Por essa perspectiva, temos (Corrida Ancestral) nos posicionado muito a respeito das aplicações desse paradigma na biomecânica, ou seja, no gesto motor, ou técnica da corrida, e suas implicações na profilaxia de lesões, em detrimento ao que chamamos de “corrida industrializada”. Normalmente essas pesquisas são relacionadas à Morfologia e Cinesiologia. A nossa vanguarda, temos respaldo de pesquisadores de ponta, envolvidos nessas questões. Daniel Lieberman pode ser citado como um dos expoentes.

Porém, até aqui, expressamo-nos pouco sobre o universo do Treinamento Esportivo e suas implicações práticas na rotina do treinador e do corredor para incrementar saúde global e desempenho.

Treinamento evolucionário?

Genericamente a Metodologia do Treinamento Esportivo “é a forma fundamental de preparação, baseada em exercícios sistemáticos, representando um processo organizado pedagogicamente com o objetivo de direcionar a evolução do desportista”.(15)

É importantíssimo ressaltar que nosso trabalho não é tentar anular paradigmas com os quais foram construídos pensamentos e diretrizes do treinamento, mas queremos reciclá-las, acrescentando as novas investigações acerca da evolução e sua aplicabilidade nesse contexto.

Boas investigações que relacionam uma visão evolucionária a metodologia do treinamento em si, são escassas.

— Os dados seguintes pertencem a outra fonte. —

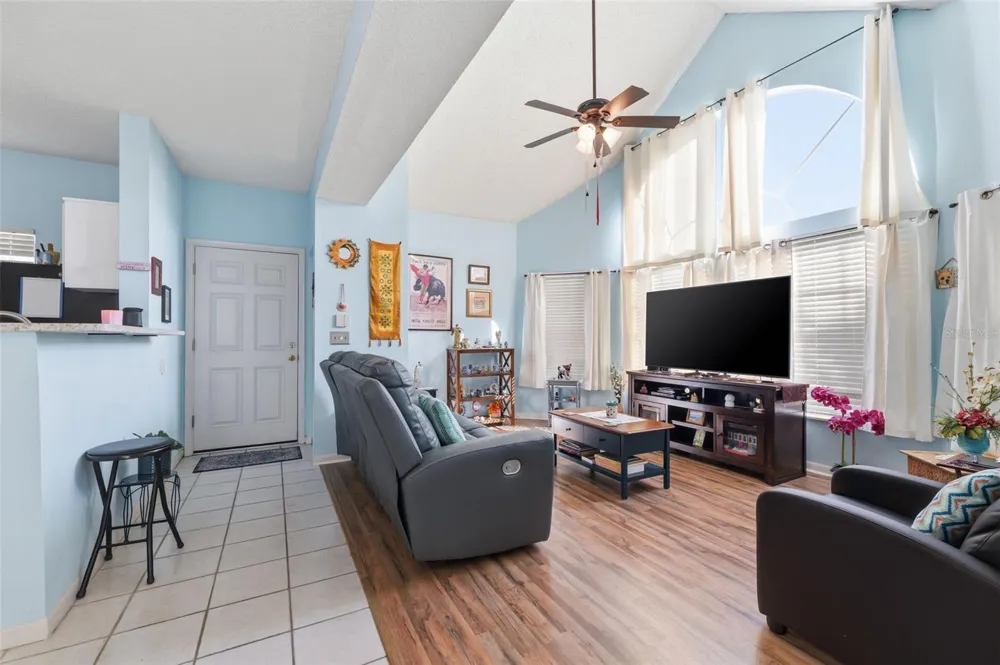 12245 ARMENIA GABLES CIRCLE #12245 Tampa, FL 33612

Tim Noakes(16) e O’keefe(14) tem feito isso com a fisiologia do exercício, bem como Daniel A. Boullosa, da universidade católica de Brasília, que publicou um interessante artigo no Sports Med em 2013(17).

Porém na prática, aplicando esses novos paradigmas na rotina de treinamento de corredores, recreacionais ou de elite, de forma organizada, é ainda mais raro. Conheço Mark Cucuzzella do Natural Running Center(18) e Paolo Lavagnilio do Barefoot Running Itália(19).

Atuando na área de treinamento há 20 anos, como atleta, treinador e professor de graduação e sempre me questionei a respeito das estratégias clássicas e vigentes do treinamento de corrida e sua eficácia e impacto positivo em corredores recreacionais, aqueles que não se relacionam com corrida profissionalmente.

Com base no trabalho da Corrida Ancestral e da FBA, venho formulando novas possibilidades no treinamento, desde 2014. Iniciei aplicando em mim, com incremento substancial na minha saúde e desempenho em corridas longas de montanha, e desde 2016, ampliando para os atletas sob meus cuidados no “Clã Ancestral – Corrida de Montanha”.(20)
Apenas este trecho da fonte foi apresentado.